We also plot the mitochondrial proportion against the total count for each cell, as one does (Figure \@ref(fig:unref-pbmc-adt-qc-mito)).
``` r
plotColData(unfiltered, x="sum", y="subsets_Mito_percent",
colour_by="discard") + scale_x_log10()
```
(\#fig:unref-pbmc-adt-qc-mito)Percentage of UMIs mapped to mitochondrial genes against the totalcount for each cell.
## Normalization
Computing size factors for the gene expression and ADT counts.
``` r
library(scran)
set.seed(1000)
clusters <- quickCluster(sce.pbmc)
sce.pbmc <- computeSumFactors(sce.pbmc, cluster=clusters)
altExp(sce.pbmc) <- computeMedianFactors(altExp(sce.pbmc))
sce.pbmc <- applySCE(sce.pbmc, logNormCounts)
```
We generate some summary statistics for both sets of size factors:
``` r
summary(sizeFactors(sce.pbmc))
```
```
## Min. 1st Qu. Median Mean 3rd Qu. Max.
## 0.074 0.717 0.909 1.000 1.128 9.100
```
``` r
summary(sizeFactors(altExp(sce.pbmc)))
```
```
## Min. 1st Qu. Median Mean 3rd Qu. Max.
## 0.10 0.70 0.83 1.00 1.03 227.36
```
We also look at the distribution of size factors compared to the library size for each set of features (Figure \@ref(fig:unref-norm-pbmc-adt)).
``` r
par(mfrow=c(1,2))
plot(librarySizeFactors(sce.pbmc), sizeFactors(sce.pbmc), pch=16,
xlab="Library size factors", ylab="Deconvolution factors",
main="Gene expression", log="xy")
plot(librarySizeFactors(altExp(sce.pbmc)), sizeFactors(altExp(sce.pbmc)), pch=16,
xlab="Library size factors", ylab="Median-based factors",
main="Antibody capture", log="xy")
```
(\#fig:unref-norm-pbmc-adt)Plot of the deconvolution size factors for the gene expression values (left) or the median-based size factors for the ADT expression values (right) compared to the library size-derived factors for the corresponding set of features. Each point represents a cell.

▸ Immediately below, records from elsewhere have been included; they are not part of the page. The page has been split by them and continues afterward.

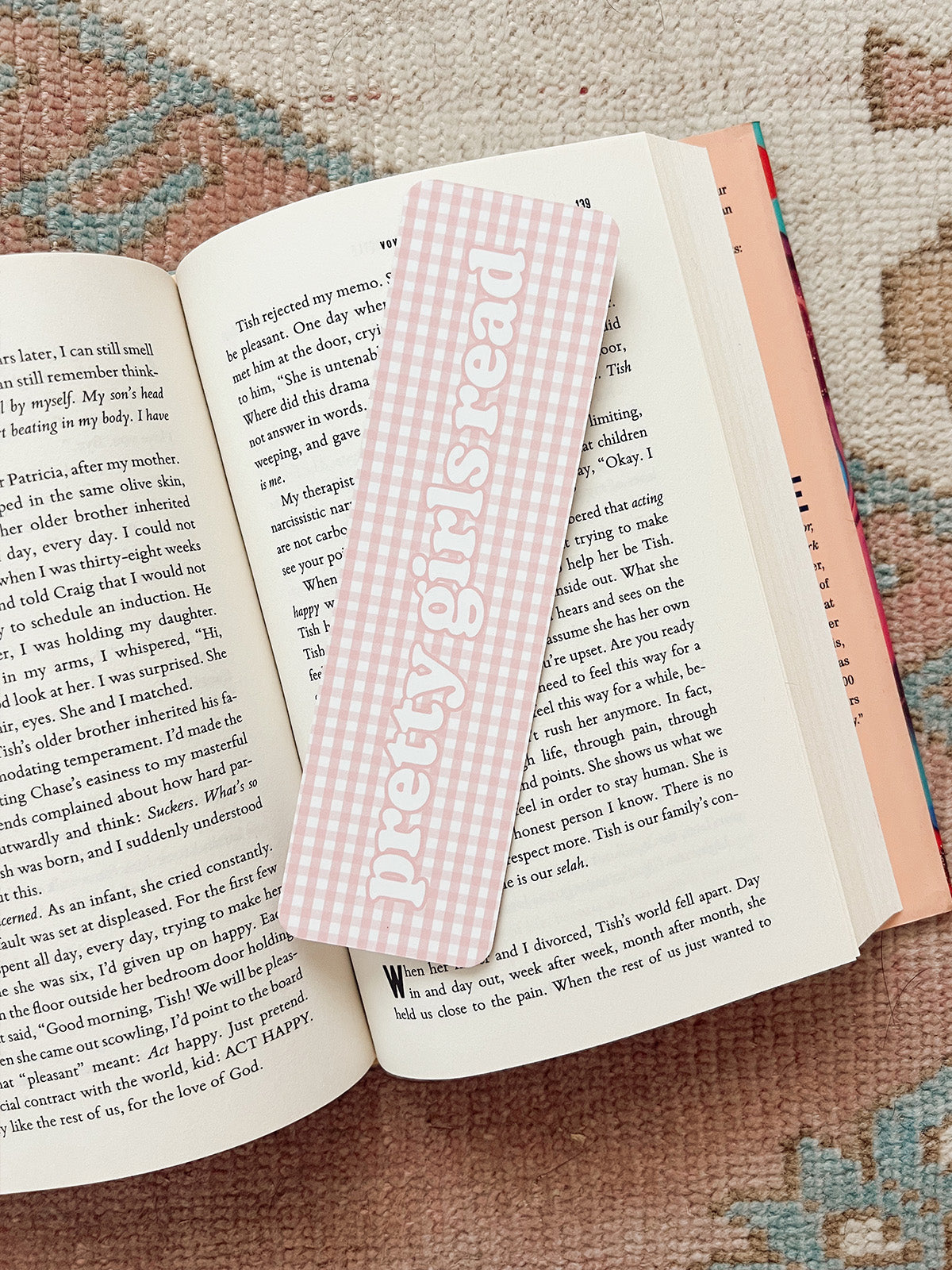 Pink Gingham Bookmark - "Pretty Girls Read"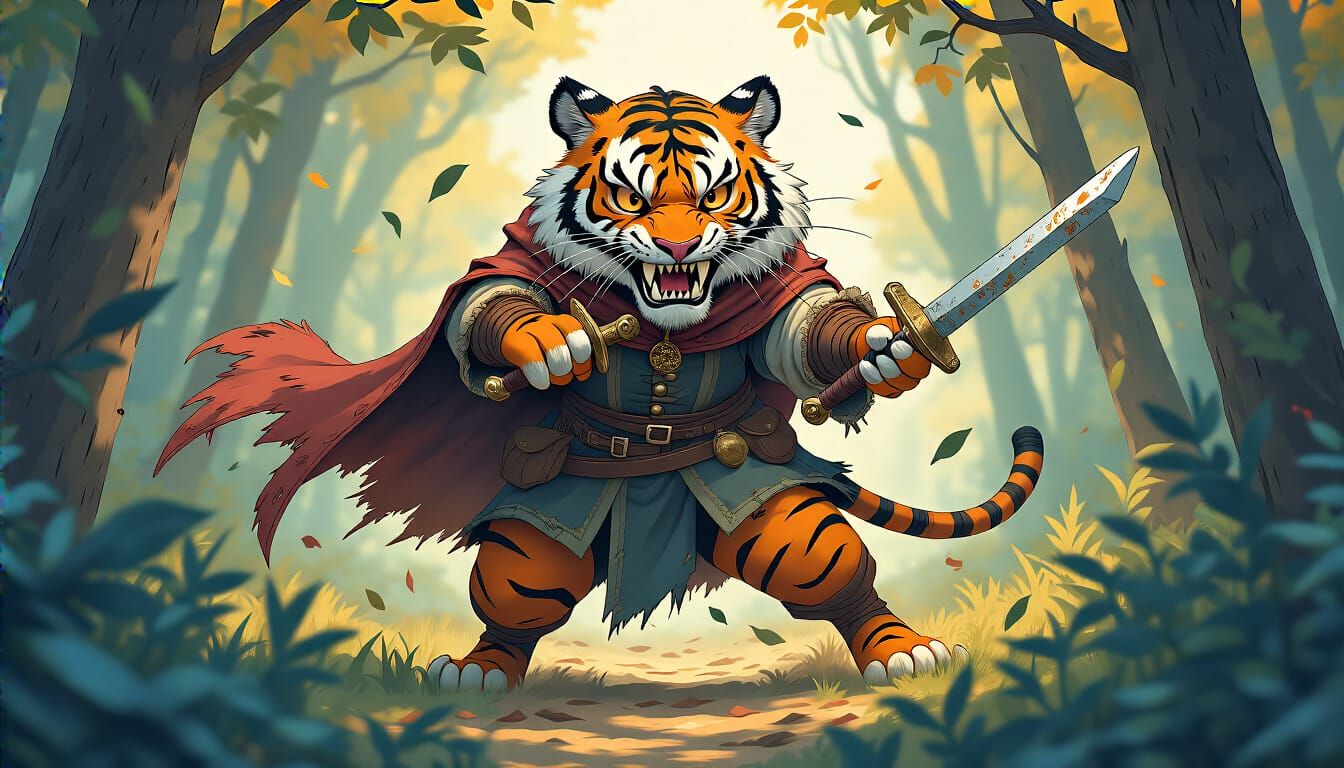 Renaissance Saber-Toothed Tiger Cartoon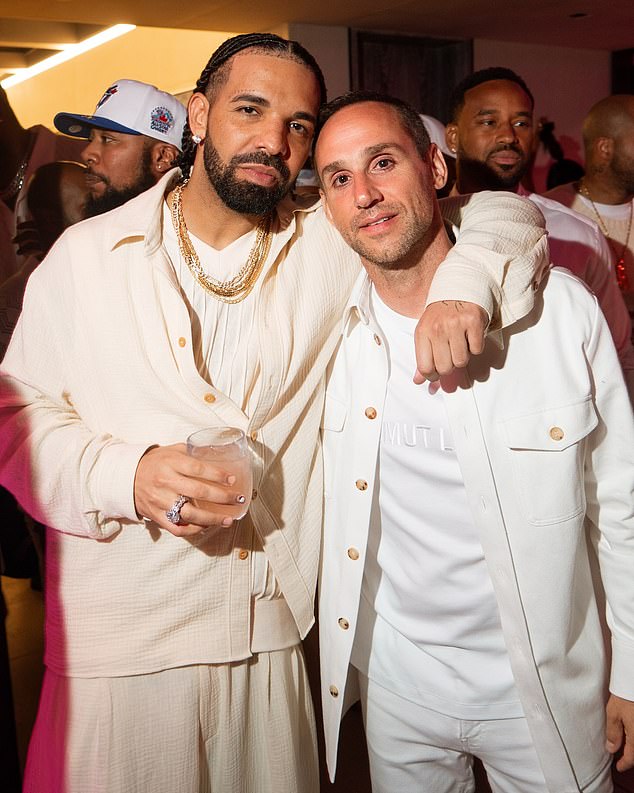 Drake celebrated part of his long holiday weekend by attending the all-white party hosted by Fanatics CEO Michael Rubin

## Dimensionality reduction
We omit the PCA step for the ADT expression matrix, given that it is already so low-dimensional,
and progress directly to $t$-SNE and UMAP visualizations.
``` r
set.seed(100000)
altExp(sce.pbmc) <- runTSNE(altExp(sce.pbmc))
set.seed(1000000)
altExp(sce.pbmc) <- runUMAP(altExp(sce.pbmc))
```
## Clustering
We perform graph-based clustering on the ADT data and use the assignments as the column labels of the alternative Experiment.
``` r
g.adt <- buildSNNGraph(altExp(sce.pbmc), k=10, d=NA)
clust.adt <- igraph::cluster_walktrap(g.adt)$membership
colLabels(altExp(sce.pbmc)) <- factor(clust.adt)
```
We examine some basic statistics about the size of each cluster,
their separation (Figure \@ref(fig:unref-clustmod-pbmc-adt))
and their distribution in our $t$-SNE plot (Figure \@ref(fig:unref-tsne-pbmc-adt)).
``` r
table(colLabels(altExp(sce.pbmc)))
```
```
##
## 1 2 3 4 5 6 7 8 9 10 11 12 13 14 15 16
## 160 507 662 39 691 1415 32 650 76 1037 121 47 68 25 15 562
## 17 18 19 20 21 22 23 24
## 139 32 44 120 84 65 52 17
```
``` r
library(bluster)
mod <- pairwiseModularity(g.adt, clust.adt, as.ratio=TRUE)
library(pheatmap)
pheatmap::pheatmap(log10(mod + 10), cluster_row=FALSE, cluster_col=FALSE,
color=colorRampPalette(c("white", "blue"))(101))
```
(\#fig:unref-clustmod-pbmc-adt)Heatmap of the pairwise cluster modularity scores in the PBMC dataset, computed based on the shared nearest neighbor graph derived from the ADT expression values.
``` r
plotTSNE(altExp(sce.pbmc), colour_by="label", text_by="label", text_colour="red")
```
(\#fig:unref-tsne-pbmc-adt)Obligatory $t$-SNE plot of PBMC dataset based on its ADT expression values, where each point is a cell and is colored by the cluster of origin. Cluster labels are also overlaid at the median coordinates across all cells in the cluster.